A few months ago the forecasts were for the economy to grow 4% in the 2nd quarter, which would have been an improvement over the 1st quarter. A month or so ago, as indications became clear that the economy was slowing sooner and faster than had been expected, the consensus forecast was revised down to 3% growth. And in the last week or two, as economic reports worsened further, the consensus forecast was revised down again, to just 2.5% growth. And the actual growth even missed that sharply lowered forecast.

So, the trend of the steady downward revisions of the Q2 forecasts; 4%, 3%, 2.5%, and then the report at 2.4%, confirms that the economy is slowing even faster than economists are able to revise their expectations downward.

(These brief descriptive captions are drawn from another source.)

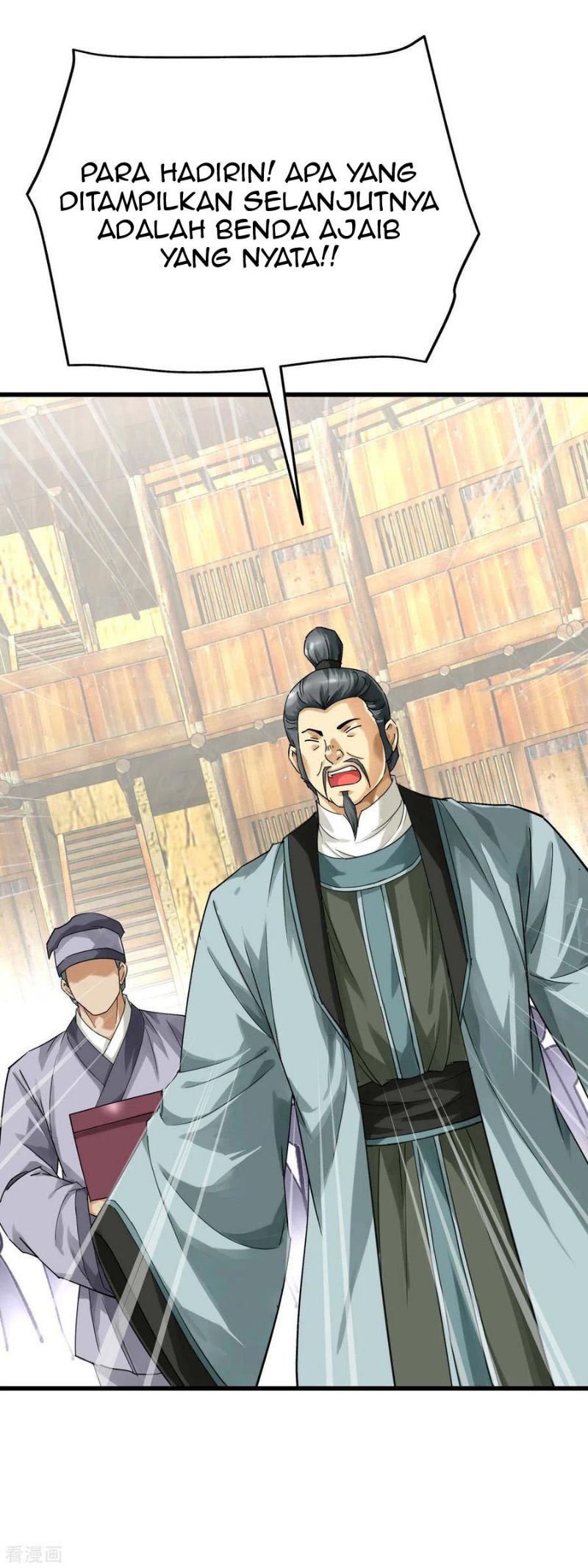 Rebirth I Am The Great God Chapter 157 Gambar 3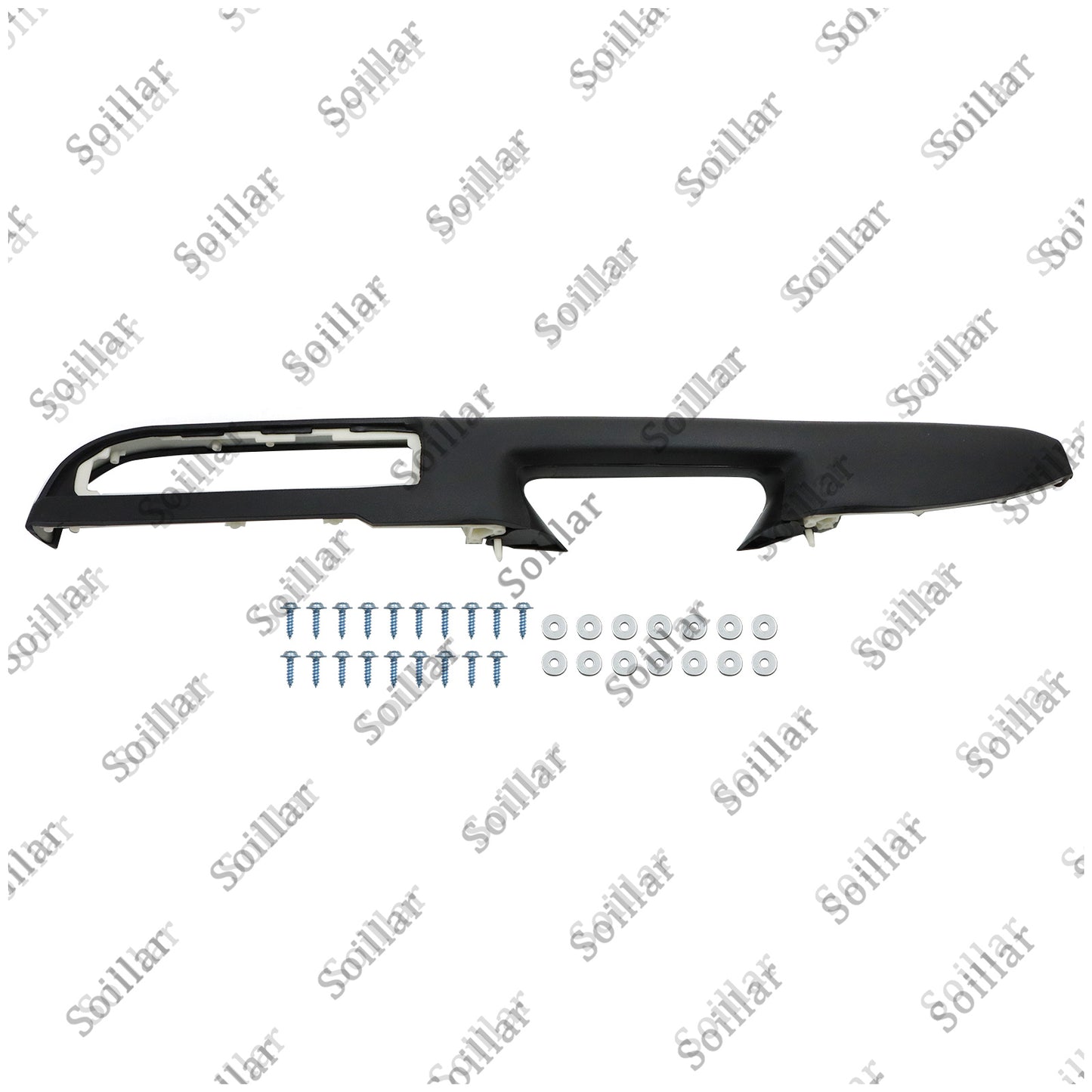 Driver Left Door Panel Handle Armrest Repair For 10-14 Chevy GMC Tahoe Silverado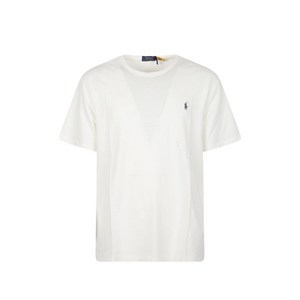 폴로랄프로렌 크루넥 티셔츠, 화이트계열, Standard S(KR 95)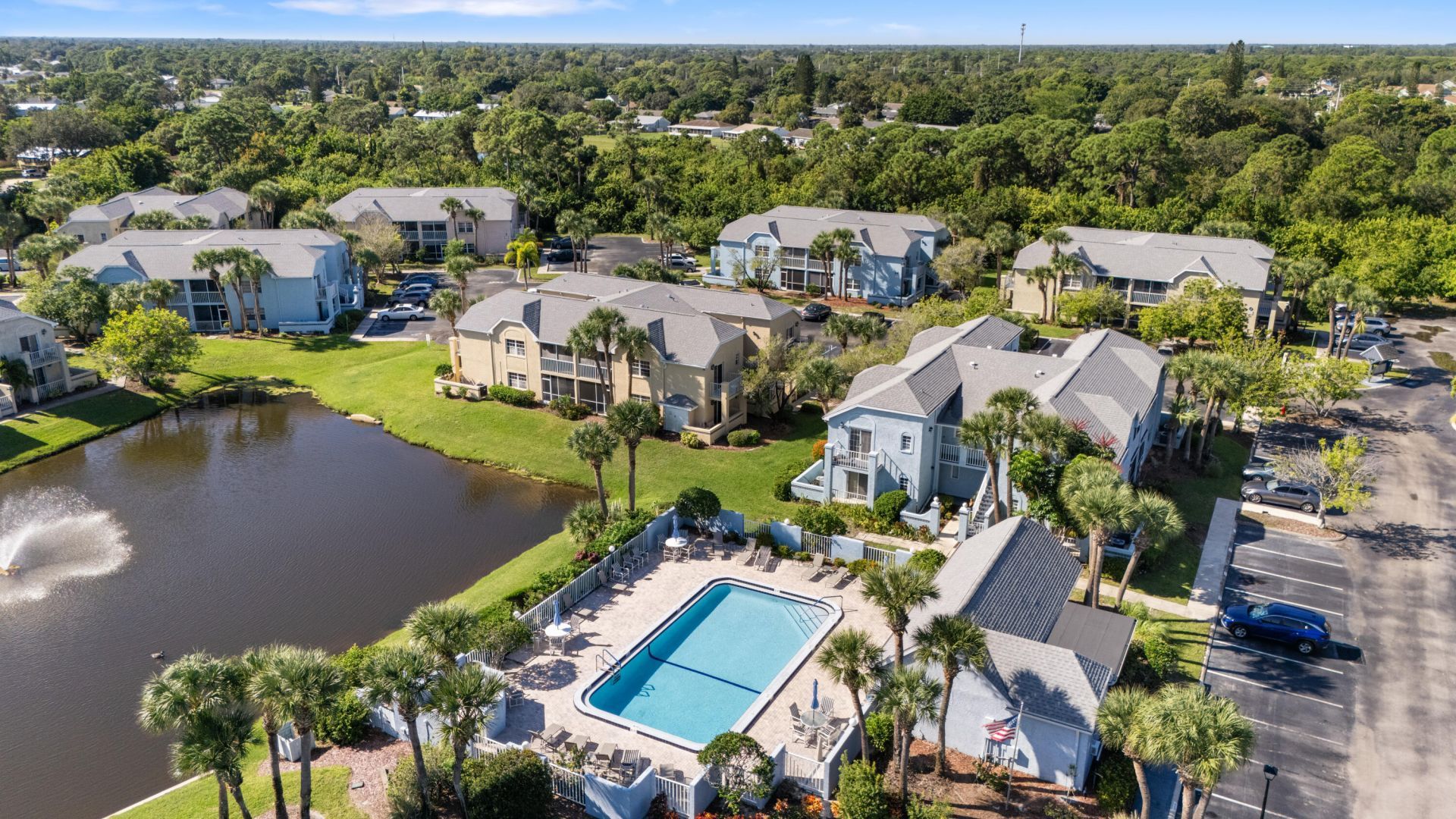 1616 SE Green Acres Circle, Unit M-204, Port Saint Lucie, FL 34952 Photo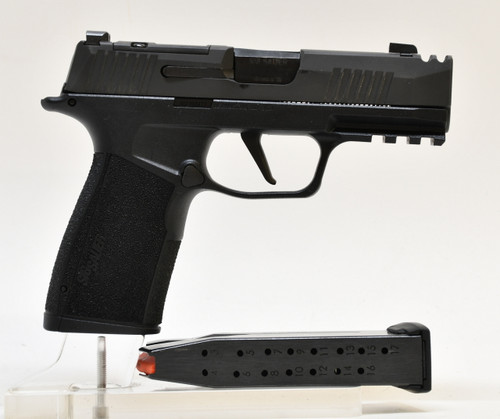 SIG SAUER P365 X CARRY COMP PRE OWNED (1143516)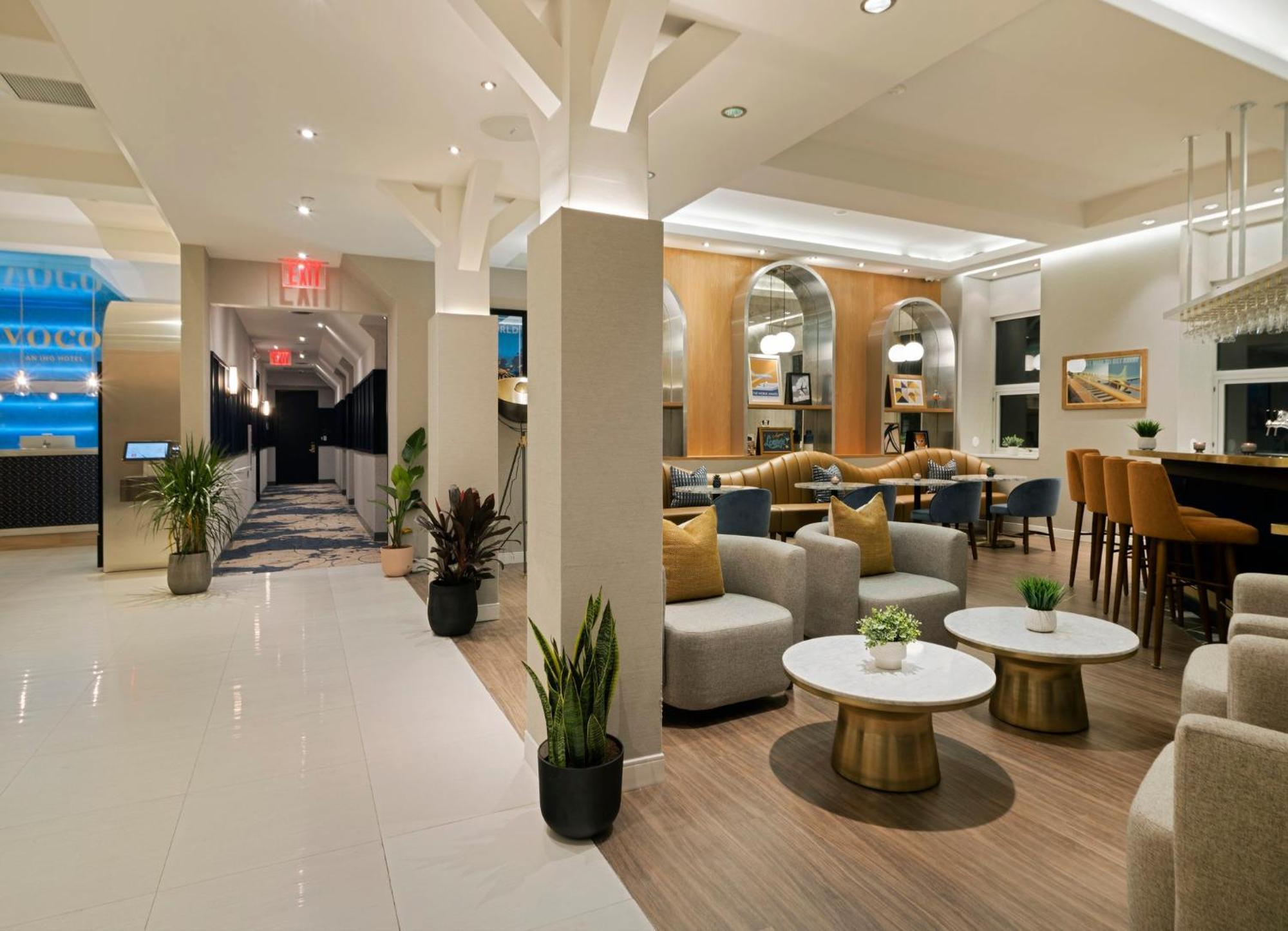 Voco Fiorello - Laguardia East By Ihg New York Eksteriør bilde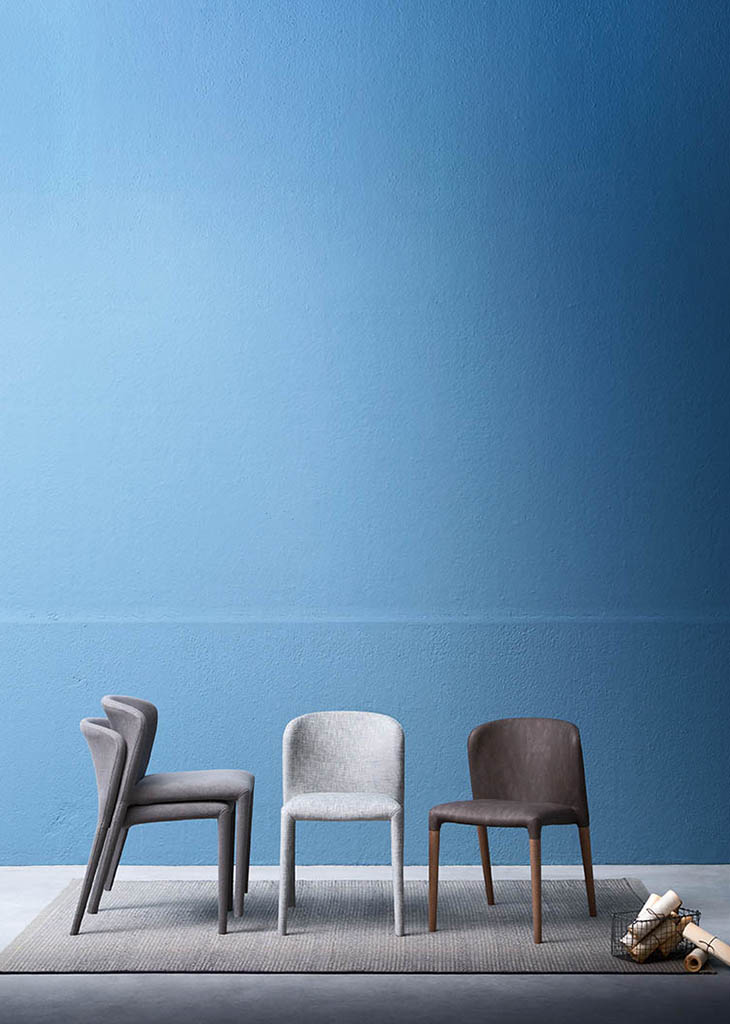 ALF DAFREKarol  Karol wood餐椅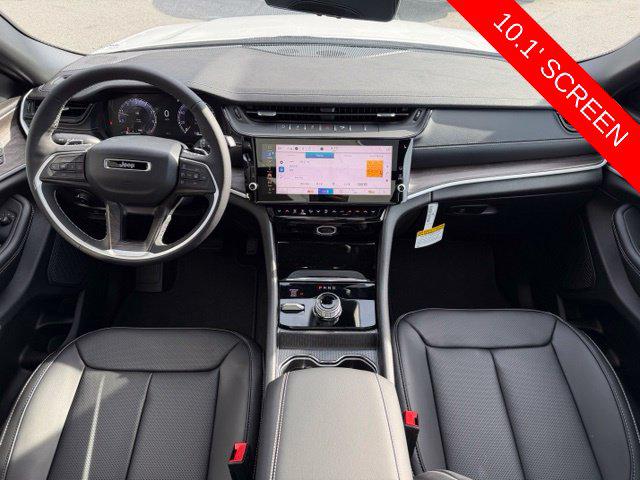 2027 Jeep Grand Cherokee GRAND CHEROKEE LIMITED 4X4 2027 Jeep Grand Cherokee GRAND CHEROKEE LIMITED 4X4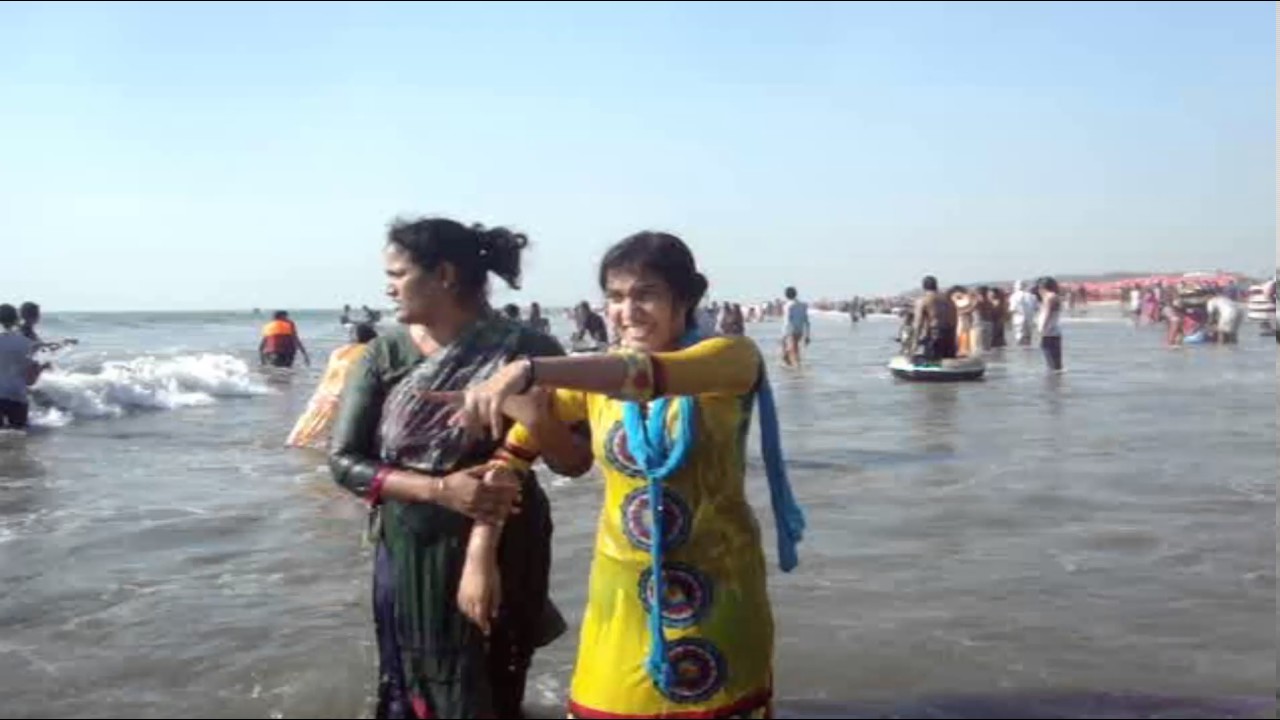 Cox's bazaar the longest Sea beach and the joyful tourists
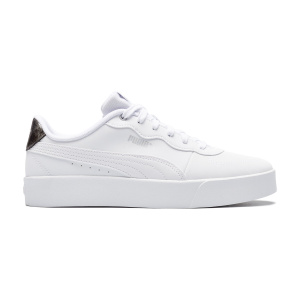 Женские кеды PUMA Skye Clean raw metallic Lifestyle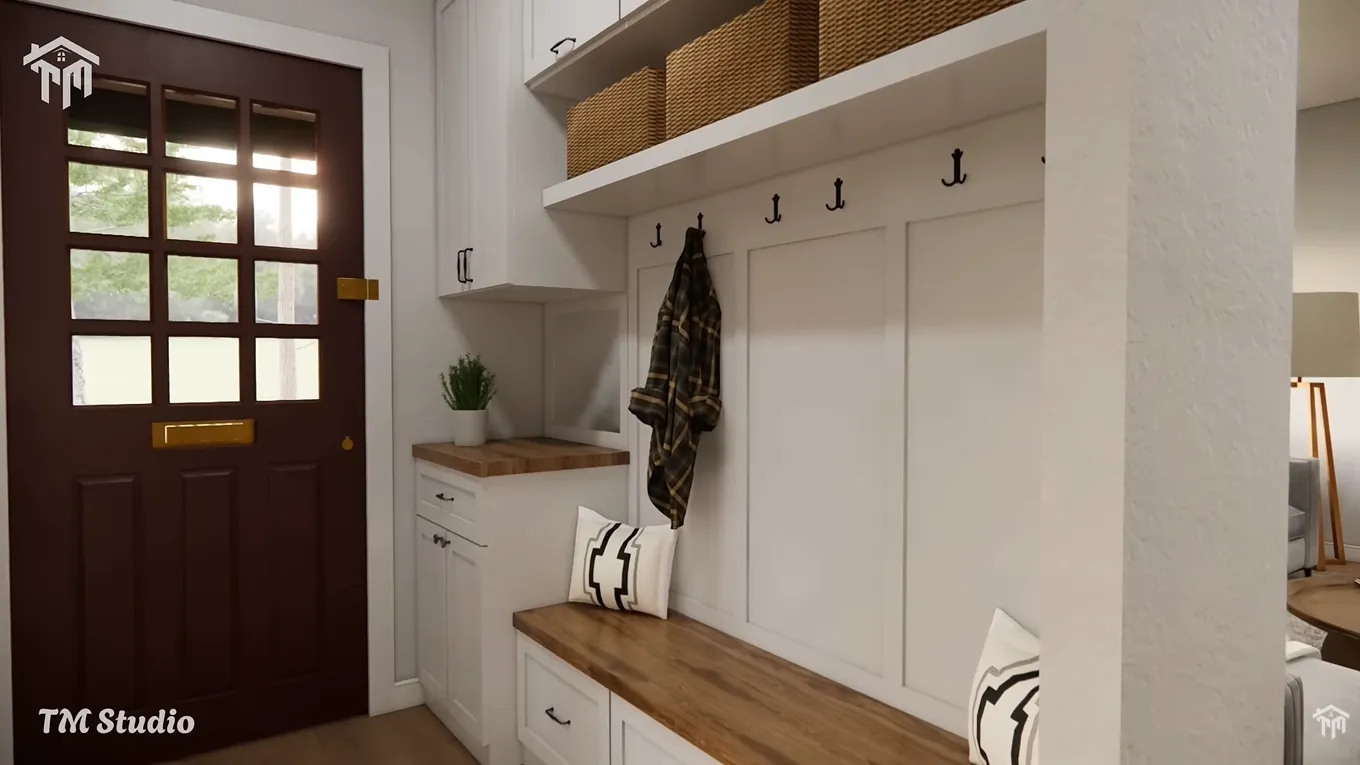 tm studio 2 bedroom house floor plan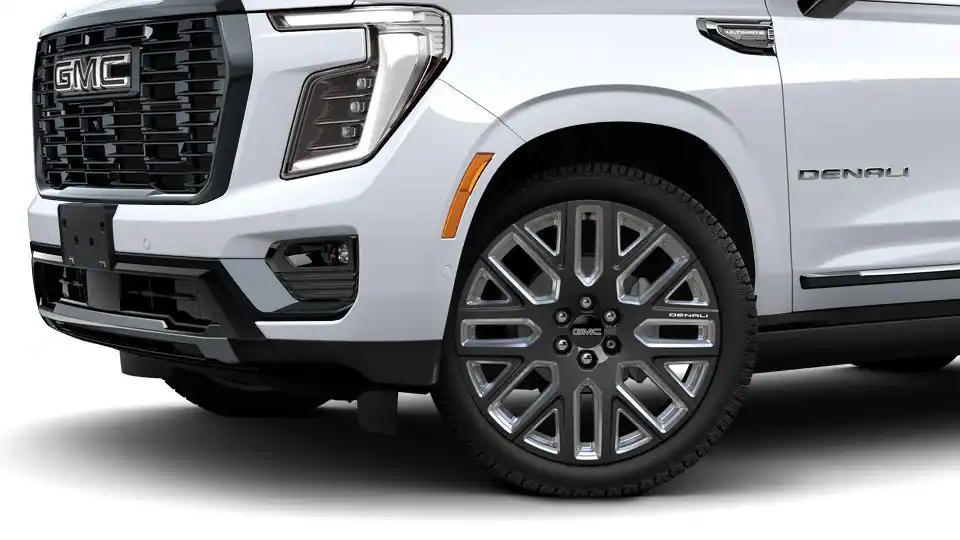 new 2026 GMC Yukon car, priced at $107,790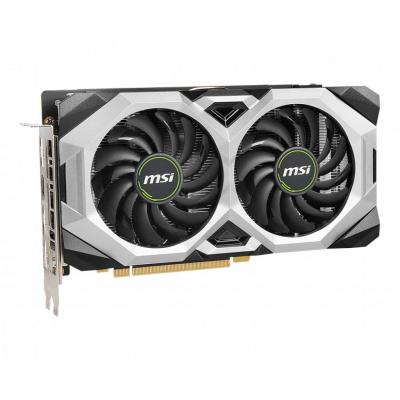 Видеокарта MSI GeForce RTX2060 6144Mb VENTUS GP OC (RTX 2060 VENTUS GP OC)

The actual quarterly reports also show the trend, 5.6% growth in the December quarter, a now revised 3.7% in the March quarter, and now 2.4% in the June quarter.

And all along, the forecasts, not only from economists but from the Fed, have been that the economy will slow in the second half of the year.

That the 2nd quarter did not show an improvement over the 1st quarter, as originally expected, and forecasts had to be lowered so significantly during the 2nd quarter, and still the growth came in lower, does not bode well for the extent of the expected second half slowdown.

Wall Street will be pushing the idea that Q2 growth only missed the consensus forecast by a fraction. But we believe the downward trend of the actual reports so far this year, and even more importantly how the Q2 forecasts had to be revised lower so rapidly as the quarter progressed, is the real story.